··· Source data
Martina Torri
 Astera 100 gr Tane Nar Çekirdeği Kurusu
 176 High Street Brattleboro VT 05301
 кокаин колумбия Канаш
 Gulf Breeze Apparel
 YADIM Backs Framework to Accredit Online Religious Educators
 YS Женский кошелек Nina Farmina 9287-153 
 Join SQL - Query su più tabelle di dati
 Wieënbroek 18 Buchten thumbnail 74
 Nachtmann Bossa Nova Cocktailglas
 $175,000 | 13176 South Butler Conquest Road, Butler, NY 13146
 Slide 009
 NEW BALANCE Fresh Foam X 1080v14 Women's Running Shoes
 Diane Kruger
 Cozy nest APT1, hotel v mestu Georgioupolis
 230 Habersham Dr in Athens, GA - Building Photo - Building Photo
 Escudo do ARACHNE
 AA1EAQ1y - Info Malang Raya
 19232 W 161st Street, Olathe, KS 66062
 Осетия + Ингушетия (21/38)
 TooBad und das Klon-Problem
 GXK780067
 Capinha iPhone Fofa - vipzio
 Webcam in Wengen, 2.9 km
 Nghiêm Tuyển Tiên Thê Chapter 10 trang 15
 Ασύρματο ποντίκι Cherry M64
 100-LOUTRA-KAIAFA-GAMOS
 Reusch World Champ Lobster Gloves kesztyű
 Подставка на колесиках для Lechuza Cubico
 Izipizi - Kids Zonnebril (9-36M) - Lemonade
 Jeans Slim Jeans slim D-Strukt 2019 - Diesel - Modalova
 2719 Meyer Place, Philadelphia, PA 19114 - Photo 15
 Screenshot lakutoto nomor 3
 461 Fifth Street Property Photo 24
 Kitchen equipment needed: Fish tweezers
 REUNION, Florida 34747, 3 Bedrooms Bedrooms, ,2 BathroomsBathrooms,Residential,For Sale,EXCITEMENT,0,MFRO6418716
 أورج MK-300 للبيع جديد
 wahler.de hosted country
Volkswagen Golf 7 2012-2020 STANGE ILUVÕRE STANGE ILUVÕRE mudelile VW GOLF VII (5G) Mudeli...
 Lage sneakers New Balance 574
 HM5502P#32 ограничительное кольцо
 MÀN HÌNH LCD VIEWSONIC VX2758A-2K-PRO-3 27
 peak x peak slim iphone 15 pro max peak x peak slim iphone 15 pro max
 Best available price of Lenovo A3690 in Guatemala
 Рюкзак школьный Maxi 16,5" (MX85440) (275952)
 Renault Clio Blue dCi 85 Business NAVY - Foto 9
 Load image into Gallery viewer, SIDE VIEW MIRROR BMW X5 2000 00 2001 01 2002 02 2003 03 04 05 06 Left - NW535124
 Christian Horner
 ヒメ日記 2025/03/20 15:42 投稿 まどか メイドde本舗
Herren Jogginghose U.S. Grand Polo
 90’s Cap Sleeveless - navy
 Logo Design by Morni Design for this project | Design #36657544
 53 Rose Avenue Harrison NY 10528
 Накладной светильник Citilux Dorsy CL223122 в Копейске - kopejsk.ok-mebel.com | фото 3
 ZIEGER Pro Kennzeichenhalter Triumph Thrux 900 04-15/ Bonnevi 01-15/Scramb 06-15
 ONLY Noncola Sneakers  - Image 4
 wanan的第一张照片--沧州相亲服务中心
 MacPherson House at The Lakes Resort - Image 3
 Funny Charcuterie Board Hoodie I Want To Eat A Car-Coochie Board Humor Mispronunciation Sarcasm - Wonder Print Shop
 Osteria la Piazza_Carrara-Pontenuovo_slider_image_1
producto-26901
······
The word "Photo" appears in some lines of the data. Copy every one of those lines.

**Your response**
 230 Habersham Dr in Athens, GA - Building Photo - Building Photo
 2719 Meyer Place, Philadelphia, PA 19114 - Photo 15
 461 Fifth Street Property Photo 24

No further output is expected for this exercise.